But as the world becomes more on edge, as differences become more stark, “I meet with people on both sides of the political spectrum who have said that they feel like they’re in a minority.”
Also, she said, “What many of my colleagues and I sometimes feel is that we are leading communities where people sometimes want the reassurance that their rabbi feels a certain way about a certain issue, and if that doesn’t align with what that person feels, then it isn’t the right place for them. They feel that they don’t belong.”
The problem is widespread, she said. “We are living in a cancel-culture world, where the moment we hear someone say something or do something that is counter to what we believe, instead of inviting a conversation with curiosity, instead of saying, ‘Oh, I don’t see it that way, but please tell me why it’s so important to you,’ we just feel that we don’t belong.”
“This is not just my shul,” she said. “This is everywhere.”
So when Maggie Jacoby, who lives locally and is working on a fellowship for a group called Resetting the Table, suggested a program that helps people to learn to listen to each other, “I pursued it,” Rabbi Schlosberg said. “And I want to celebrate the fact that we are trying to address this problem head-on.
Resetting the Table, as its website, resettingthetable.org, shows, “bring[s] decades of conflict expertise to an ambitious vision: to build a cohesive, resilient society in the U.S.”
The training focuses on “how to facilitate difficult conversations with a community of people who don’t always agree,” Rabbi Schlosberg said.
It’s a deeply Jewish approach, she added. “We, the Jewish people, have always appreciated dialogue, and we celebrate that if it is a machloket — a disagreement for the sake of heaven — we can learn from the other person. I think that we lost the sense of holiness when we stepped away from that tradition, but now, instead of welcoming a conversation, often we back away or issue a litmus test.
“So when Maggie, who is a conflict management professional, reached out to us, it felt like it was bashert.
“We ended up having two sessions. Almost all of our staff, some of our executive board members, and some lay leaders — about 14 people — attended the first session. We learned what works for us from that, made some minor tweaks, and then had a second session, for the community.”
The first session, held during the day, was in November; the second, on a recent Sunday, lasted for three hours and included brunch.
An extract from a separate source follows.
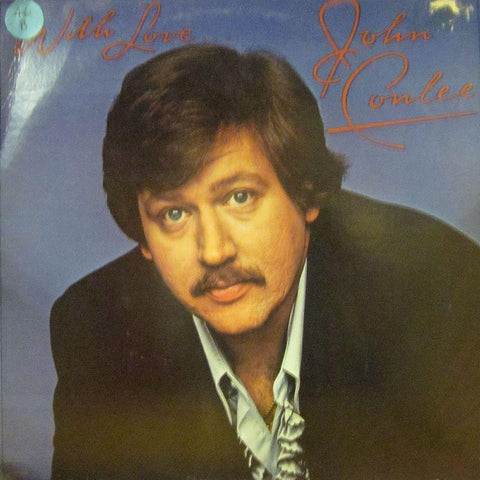 John Conlee-With Love-MCA-Vinyl LP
Participants registered in advance, so they were sent surveys that asked about whether they avoided discussing hard questions with family members or colleagues and about their views on such issues as Israel.
“That survey served two purposes,” Rabbi Schlosberg said. “It showed us where the group’s members were aligned, and it also showed us how to group people who have different views in some areas so we could use it as a laboratory to practice how to listen.
“The goal is to reflect back what we’ve heard in a way that shows that we really heard. It’s to show that we know the music behind the words.
“That is the ultimate goal. Once we could demonstrate that we heard someone else, they could feel heard and understood, the likelihood of them doing it for us is significant. It gave us the opportunity to practice those skills with other people who also were trying to practice those skills.”
The larger group, of about 18 people, was broken into pairs or triads, and began by each person describing “an experience in our lives that shaped or informed our current beliefs,” Rabbi Schlosberg said. For example, “if someone in our household was disabled, that would have affected us and impacted how we feel about healthcare.” This not only helped give context to deeply held beliefs but “also enabled community members to get to know each other.
“One of the holiest parts of the session was that people shared some very deep, intimate stories, some from their childhoods. Beliefs don’t come from a vacuum. They are influenced by our life experiences.”
The participants ranged widely in age; the staff meeting included people in their 30s through their 70s, and the congregational session’s participants were from their 40s to their 80s, Rabbi Schlosberg estimated. That ranged added to the depth of the conversations.
Now what?
“I hope to use some of what we learned by sharing it with the broader community,” Rabbi Schlosberg said. “I just sent out an email saying that you might feel alone, but probably you are not. There probably are people who feel what you are feeling.” She added that the meswsage isn’t only for people whose views are on either end of the spectrum, but applies to people “in the middle of the road.”
She hopes “to spread the word about what we learned, so we can model it in meetings, in difficult conversations, and in making decisions. I hope to model it” — the idea of talking about differences, and listening to each other during those discussions — “instead of expecting that we all will agree.” The staff meeting was just before Thanksgiving, and some participants were able to use what they learned at what otherwise could have been an awkward or stilted family gathering.
“One of the questions the facilitator asked us was who would be proud of us for attending this session,” Rabbi Schlosberg said. “A lot of people said a child or a parent, either because they agree or they disagree. This drove home the idea that this” — the feeling of discomfort with expressing any disagreement — “is happening even in the privacy of our own homes, with our own families. The skills we learned are applicable not only in organizational settings, but in our own homes.”